According to the recently released Quarterly Mortgage Bankers Performance Report by the Mortgage Bankers Association (MBA), independent mortgage banks (IMBs) and mortgage subsidiaries of chartered banks reported a pre-tax net loss of $28 on each loan they originated in the first quarter of 2025, as opposed to a net loss of $40 per loan in Q4 of 2024.
“Production profitability was close to break-even in the first quarter of 2025 despite a decline in volume and an increase in production expenses,” said Marina Walsh, CMB, MBA’s VP of Industry Analysis. “Production revenues increased at about the same pace as costs, which mitigated losses.”
Lenders with lesser production volumes were still having the most difficulty, Walsh said. Lenders with a dollar volume under $100 million, for instance, reported average losses of more than $1,000 per loan. Furthermore, the average production losses for lenders with low average loan balances (less than $250,000) were more than $1,300 per loan.
Walsh went on to say, “58 percent of mortgage companies in MBA’s sample are profitable when accounting for both production and servicing operations combined, but that leaves 42 percent who are still in the woods.”

The following are some of the main conclusions of MBA’s First-Quarter 2025 Quarterly Mortgage Bankers Performance Report:
- The average pre-tax production loss was 7 basis points (bps) in the first quarter of 2025, compared to a loss of 4 bps in the fourth quarter of 2024. The average quarterly pre-tax production profit, from the first quarter of 2008 to the most recent quarter, is 40 basis points.
- The average production volume was $488 million per company in the first quarter, down from $540 million per company in the fourth quarter.

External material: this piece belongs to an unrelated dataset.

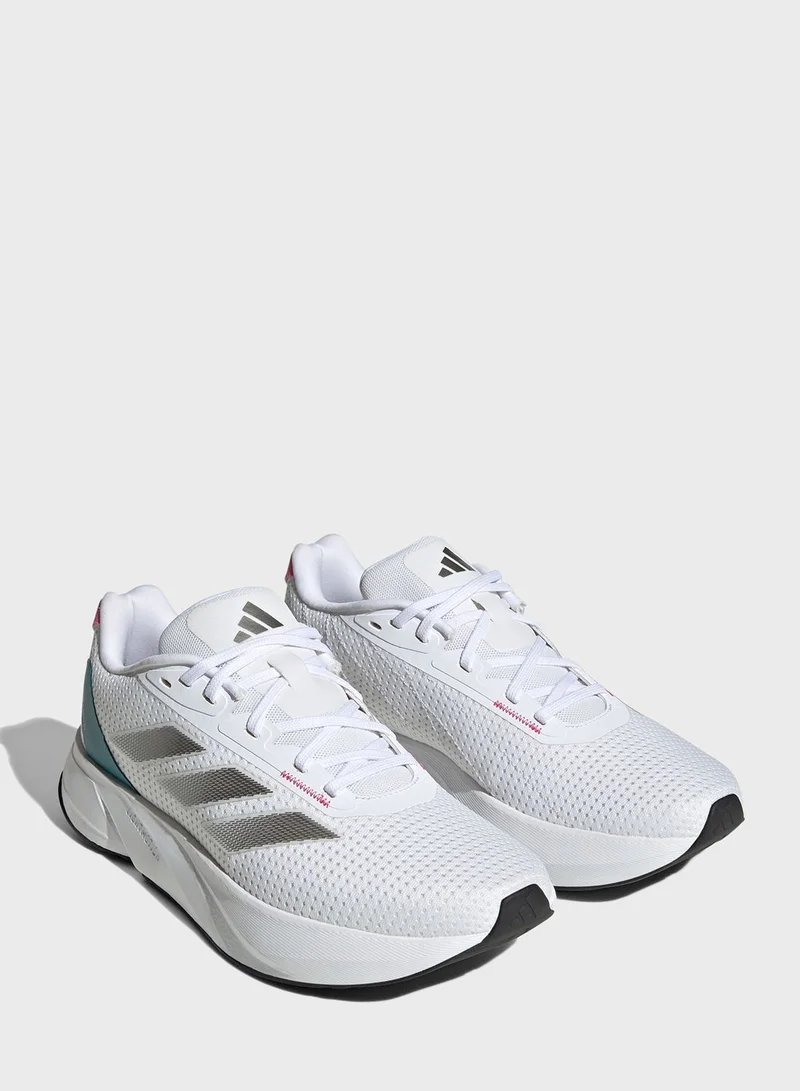 Adidas Duramo Shoes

The volume by count per company averaged 1,448 loans in the first quarter, down from 1,609 loans in the fourth quarter.
- Total production revenue (fee income, net secondary marketing income, and warehouse spread) increased to 373 bps in the first quarter, up from 339 bps in the fourth quarter. On a per-loan basis, production revenues increased to $12,551 per loan in the first quarter, up from $11,190 per loan in the fourth quarter.
- Total loan production expenses – commissions, compensation, occupancy, equipment, and other production expenses and corporate allocations – increased to 381 basis points in the first quarter of 2025 from 344 basis points in the fourth quarter of 2024. Per-loan costs increased to $12,579 per loan in the first quarter, up from $11,230 per loan in the fourth quarter of 2024. From the first quarter of 2008 to last quarter, loan production expenses have averaged $7,702 per loan.
- The purchase share of first mortgage originations, by dollar volume, was 81 percent. For the mortgage industry as a whole, MBA estimates the purchase share was at 65 percent in the first quarter of 2025.
- The average loan balance for first mortgages increased to $364,339 in the first quarter, up from $363,795 in the fourth quarter. The average loan balance for total mortgages (firsts, seconds, HELOCs, other) decreased to $346,714 in the first quarter, down from $347,794 in the fourth quarter.
- Servicing net financial income for the first quarter (without annualizing) was $22 per loan, down from $142 per loan in the fourth quarter. Servicing operating income, which excludes MSR amortization, gains/loss in the valuation of servicing rights net of hedging gains/losses, and gains/losses on the bulk sale of MSRs, was $90 per loan in the first quarter, up from $84 per loan in the fourth quarter.
- Including all business lines (both production and servicing), 58 percent of the firms in the report posted pre-tax net financial profits in the first quarter of 2025, down from 61 percent in the fourth quarter of 2024.